Потом все замолчали, и только слышно было, как из рукомойника капает в тазик вода да в пыльных кустах сирени и выгоревшей за лето траве ночные сверчки старательно настраивают свои скрипки.

Уже по всему чувствовалось, что натурные съемки подходят к концу. Одноглазый помощник капитана сказал, что сегодня его, слава богу, вздернут на рее, и он наконец освободится от суетных мирских дел. На берегу бухточки из тонких жердей и брусьев рабочие наспех сооружали легкие хижины на сваях, крытые камышом и сухими пальмовыми листьями, а электрики тянули проводку для осветительной аппаратуры. Но на лесной поляне у скал все еще доснимались последние кадры.

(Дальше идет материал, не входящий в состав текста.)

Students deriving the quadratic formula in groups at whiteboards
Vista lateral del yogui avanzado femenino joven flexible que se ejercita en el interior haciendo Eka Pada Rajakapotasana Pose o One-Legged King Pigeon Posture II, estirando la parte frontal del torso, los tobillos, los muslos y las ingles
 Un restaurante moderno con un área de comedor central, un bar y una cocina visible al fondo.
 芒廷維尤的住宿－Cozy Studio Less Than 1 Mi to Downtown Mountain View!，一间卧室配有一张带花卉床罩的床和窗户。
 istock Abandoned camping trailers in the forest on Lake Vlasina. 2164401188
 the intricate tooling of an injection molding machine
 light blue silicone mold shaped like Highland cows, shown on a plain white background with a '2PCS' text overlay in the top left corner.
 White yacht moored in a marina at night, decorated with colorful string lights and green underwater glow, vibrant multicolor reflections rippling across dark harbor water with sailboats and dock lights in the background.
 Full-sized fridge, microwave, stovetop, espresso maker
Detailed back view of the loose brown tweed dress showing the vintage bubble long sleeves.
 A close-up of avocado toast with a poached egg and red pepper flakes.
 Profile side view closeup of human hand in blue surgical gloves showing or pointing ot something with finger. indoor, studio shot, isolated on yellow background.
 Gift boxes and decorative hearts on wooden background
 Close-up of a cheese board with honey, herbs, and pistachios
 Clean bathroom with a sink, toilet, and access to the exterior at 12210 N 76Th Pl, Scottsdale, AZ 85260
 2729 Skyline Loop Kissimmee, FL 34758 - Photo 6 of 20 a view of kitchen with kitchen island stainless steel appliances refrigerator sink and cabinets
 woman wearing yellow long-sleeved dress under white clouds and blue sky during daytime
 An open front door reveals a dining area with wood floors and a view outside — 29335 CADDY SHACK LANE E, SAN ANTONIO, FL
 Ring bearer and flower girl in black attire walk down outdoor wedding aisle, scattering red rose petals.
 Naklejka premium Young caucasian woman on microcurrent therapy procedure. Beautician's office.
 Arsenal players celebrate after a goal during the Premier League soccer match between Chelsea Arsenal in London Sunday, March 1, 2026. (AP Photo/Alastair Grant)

Кешка решил хотя бы из-за кустов, на расстоянии незаметно понаблюдать за съемками, однако ему не повезло. Когда он подошел к площадке, там все уже было закончено: актеры расходились, а Генрих Карлович сматывал свои кабели. Расстроенный Кешка решил снова пойти к морю, но в этот момент его окликнули:

— Эй, мелкий, поди-ка сюда!

Он обернулся и не поверил своим глазам. Под деревом, на сухой траве, подогнув под себя ноги, сидела золотоволосая леди Эмма.

На этот раз она была не в привычном платье с кружевами и оборками, а в желтой блузке без рукавов и голубых застиранных джинсах с вытертыми до белизны коленками. Выглядело это довольно дико. Ведь, кроме одного раза, там, на лужайке, он видел ее только во время съемок.

— Слушай, не в службу, смотайся быстренько в магазин и возьми пачку «Примы», — попросила юная леди. — Скажешь, кто-нибудь из мужиков послал, ясно?

Кешка растерянно кивнул, а она, порывшись в большой полиэтиленовой сумке с иностранными надписями, протянула ему монетку:

— Быстренько. Там такая стерва работает.

Кешка смутился и покраснел.

— Это моя мать, — чуть слышно проговорил он.

— Серьезно? Вот так номер, чтоб я помер. Не завидую. — И она зевнула, прикрыв рот ладошкой.

Когда Кешка вернулся, с трудом переводя дух, он застал леди Эмму все в той же скучающей позе. Увидев его, она томно потянулась и стащила с головы свой прекрасный парик. Настоящие волосы ее показались Кешке тусклыми, и даже цвет их он едва ли сумел определить с достаточной точностью. А главное, острижены они были настолько коротко, что ему невольно пришла на память прическа тетки Натальи, жившей от них через два дома, после того как ту выписали из городской больницы.